Since only part of the material is needed, please repeat exactly the line that includes "Automated warehouse conveyor" and every line after it, up to the last.

Material for this task =
- Opening Delimiter -

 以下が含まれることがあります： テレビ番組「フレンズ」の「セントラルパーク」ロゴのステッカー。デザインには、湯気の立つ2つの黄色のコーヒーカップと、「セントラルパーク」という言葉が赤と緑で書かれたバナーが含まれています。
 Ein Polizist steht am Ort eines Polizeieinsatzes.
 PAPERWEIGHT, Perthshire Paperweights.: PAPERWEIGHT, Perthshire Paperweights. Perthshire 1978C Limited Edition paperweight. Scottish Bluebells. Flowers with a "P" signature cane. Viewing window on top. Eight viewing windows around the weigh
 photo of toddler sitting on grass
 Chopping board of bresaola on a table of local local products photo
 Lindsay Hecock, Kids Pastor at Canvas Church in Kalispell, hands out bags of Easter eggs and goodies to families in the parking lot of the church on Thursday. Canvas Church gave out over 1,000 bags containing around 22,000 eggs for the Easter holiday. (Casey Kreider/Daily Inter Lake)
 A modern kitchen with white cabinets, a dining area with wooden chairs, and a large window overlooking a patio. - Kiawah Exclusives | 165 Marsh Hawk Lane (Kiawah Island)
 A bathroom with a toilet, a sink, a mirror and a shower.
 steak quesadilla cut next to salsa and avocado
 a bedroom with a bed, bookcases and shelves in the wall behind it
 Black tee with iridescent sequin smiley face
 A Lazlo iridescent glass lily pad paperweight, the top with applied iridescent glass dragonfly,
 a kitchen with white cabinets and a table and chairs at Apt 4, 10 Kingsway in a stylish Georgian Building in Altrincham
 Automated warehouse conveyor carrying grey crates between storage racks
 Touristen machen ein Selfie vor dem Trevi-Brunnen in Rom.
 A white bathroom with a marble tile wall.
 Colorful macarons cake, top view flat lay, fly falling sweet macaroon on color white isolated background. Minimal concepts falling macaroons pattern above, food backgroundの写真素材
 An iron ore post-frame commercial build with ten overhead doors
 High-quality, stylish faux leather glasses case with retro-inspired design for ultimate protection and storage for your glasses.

- Closing Delimiter -

Exercise output =
 Automated warehouse conveyor carrying grey crates between storage racks
 Touristen machen ein Selfie vor dem Trevi-Brunnen in Rom.
 A white bathroom with a marble tile wall.
 Colorful macarons cake, top view flat lay, fly falling sweet macaroon on color white isolated background. Minimal concepts falling macaroons pattern above, food backgroundの写真素材
 An iron ore post-frame commercial build with ten overhead doors
 High-quality, stylish faux leather glasses case with retro-inspired design for ultimate protection and storage for your glasses.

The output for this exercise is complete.